Every so often, browsing through my LPs, I come across a sequence that makes me wonder, "Is there any other collection that contains (say) these four LPs?" This is one such string.



David Garland's first album, if I'm not mistaken [I am, maybe, by two--see site below--not sure of the sequence of LP releases], from 1986, with Mark Abbott (who used to have an electronic music show on KCR that I wish I'd paid more attention to in the late 70s), Klucevsek, Marclay, Zorn and others though it's more often than not solo. The opener, "I Am With You" give a clue as to Garland's fine songwriting and singing capabilities, with some goofy electronified vocals that work surprisingly well, still. It's downtown NYC in '86, after all, so one can expect awful synthesized percussion and, yes, it's here; not really as awful as you might expect, actually. Overall, still sounds good in that unique, hyper-awkward way Garland has with a tune. Singing about i-beam girders, clocks, furniture, Planet X, keeping in touch:

I think I'll probably be
here for you when you need me.
Just give me the word. I'll come right away--
unless, I guess, I'm busy or something.


There's something about Garland I find inherently likable, I admit. I can imagine having grown up with him as a good friend, with similar obsessions. Wish he recorded more. Ah, lookee here, he has a site and apparently an upcoming album.

nota bene: when I saw Fredric Rzewski play at the new Carnegie recital hall a couple of years ago, Garland sat in front of me. He's very tall. It was mildly annoying.

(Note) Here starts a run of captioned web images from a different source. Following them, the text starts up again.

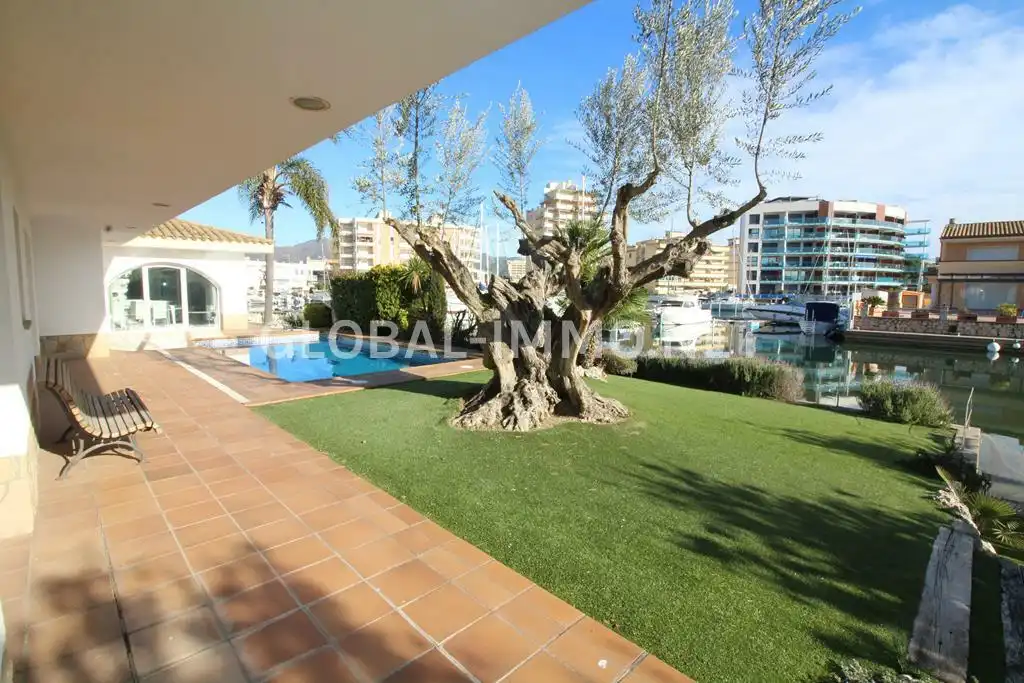 Jardín de Casa o chalet en venta en Roses con Aire acondicionado, Calefacción y Jardín privado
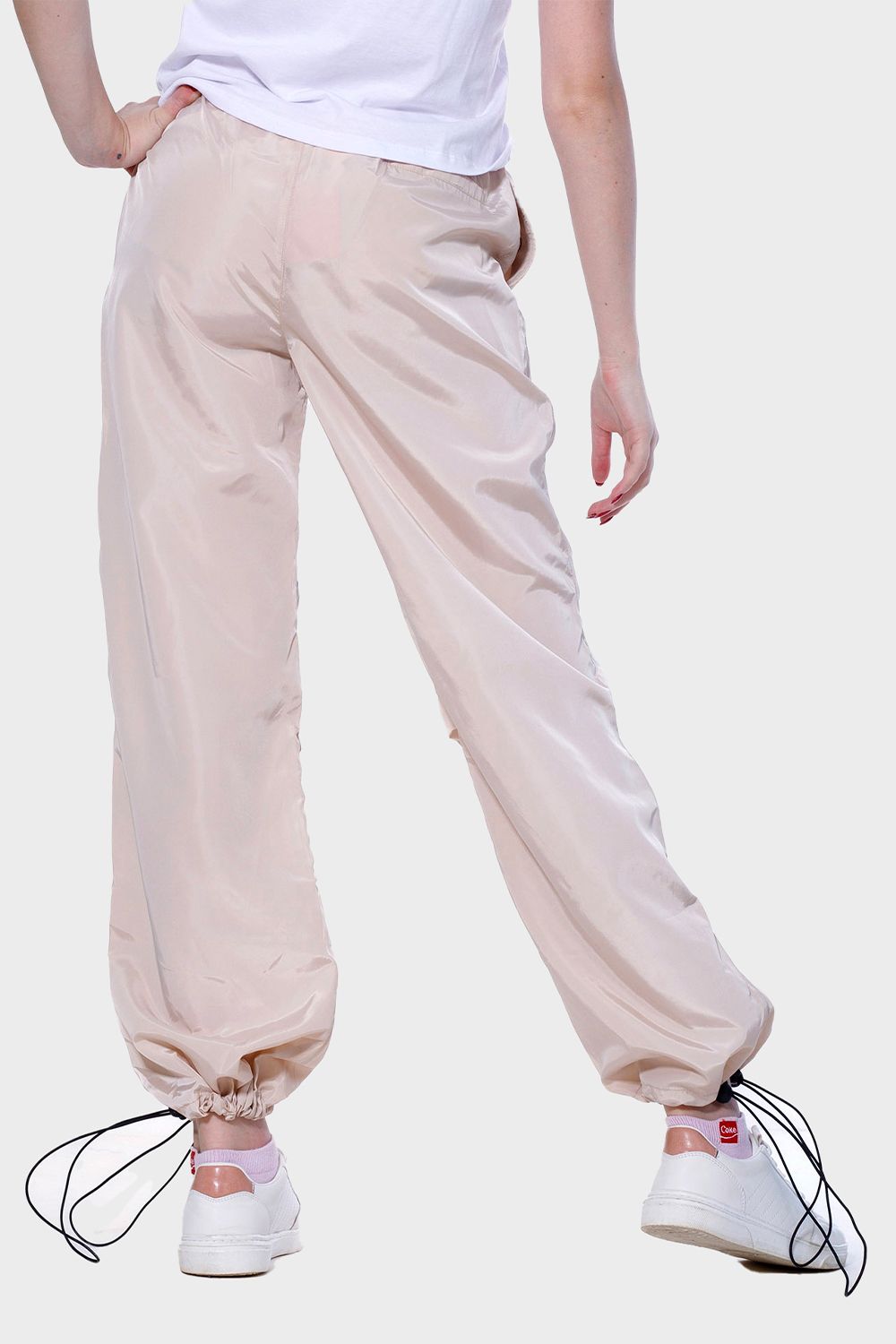 بنطال باراشوت مقاوم للماء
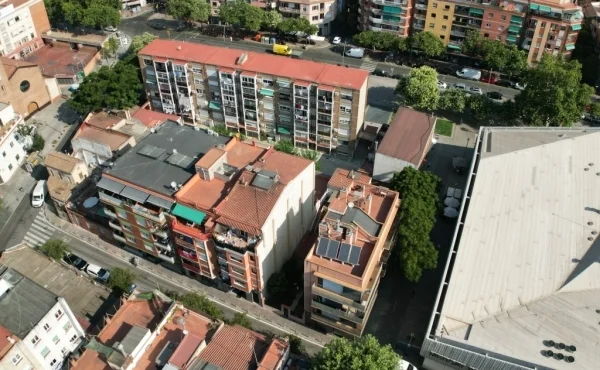 Solar edificable en Bon Pastor, 476 m²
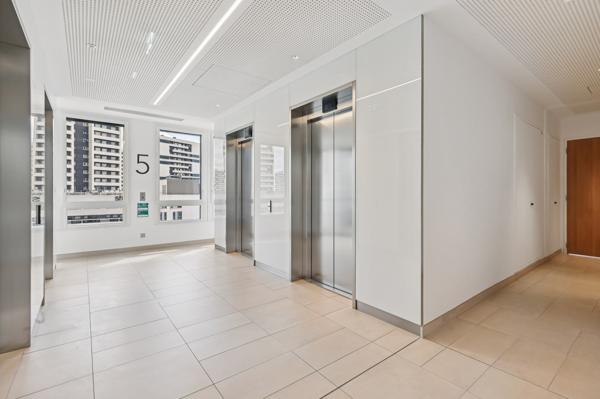 Bureaux neufs à louer Paris 19 immeuble labellisé au pied du RER E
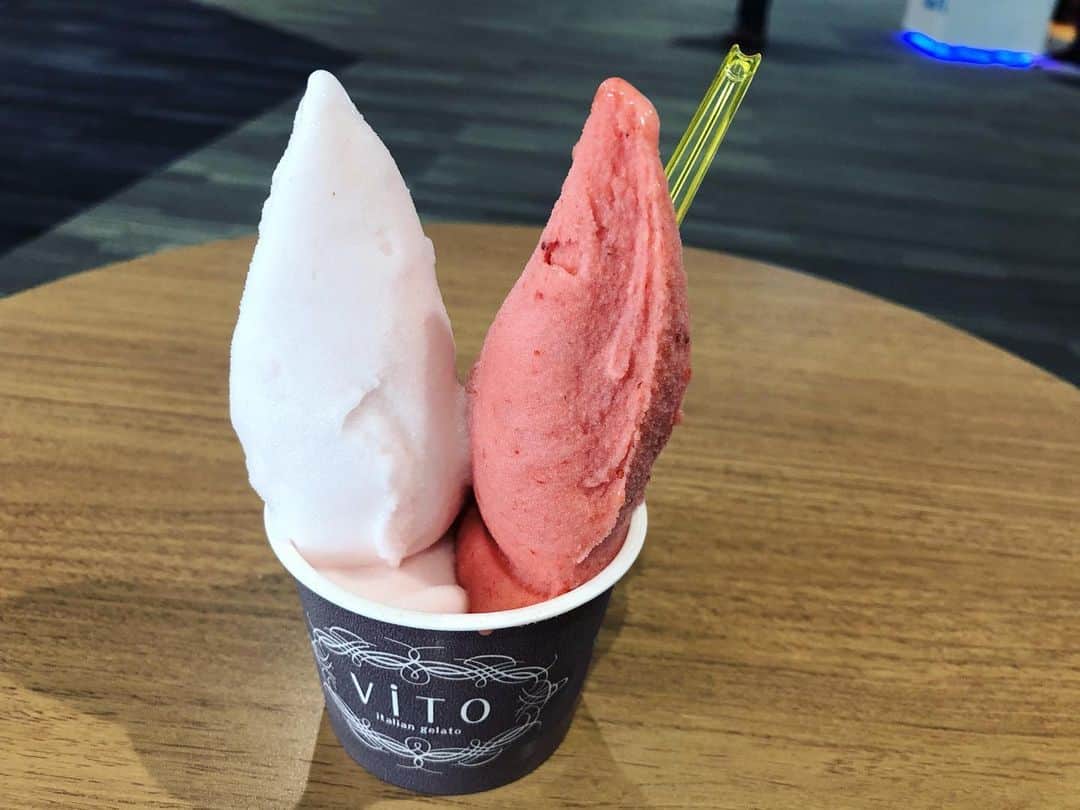 のインスタグラム：「昨日、帰りの福岡空港で食べたジェラート！  ももとあまおうのジェラート⭐︎ 美味しかった♪」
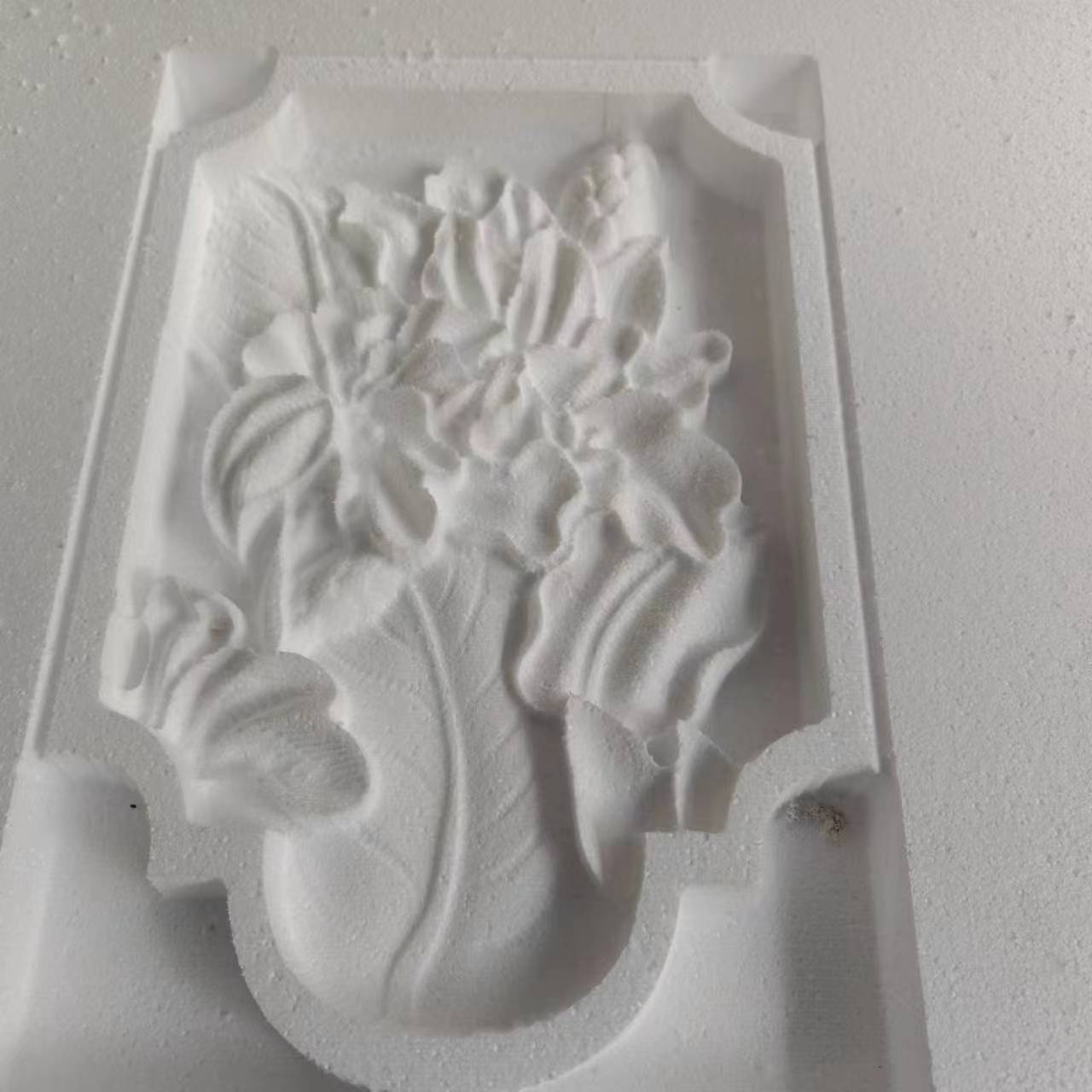 eps外墻裝飾浮雕花的制作方法難度大嗎？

I think I have Gaslini on one other record, a duo with Braxton (and a piece for the IIO, I guess), but I otherwise know next to nothing about him. This is a 1976 release on Pausa with no accompanying info; I imagine I picked it up (apparently in a cutoff bin) intrigued by Ponty being on the same disc as Lacy, Oxley, Rutherford etc. I wrote it up for AMG here and can't add much to that. Not really my cuppa, a little too much on the "classical" side of free jazz, maybe, Cecil without the soul.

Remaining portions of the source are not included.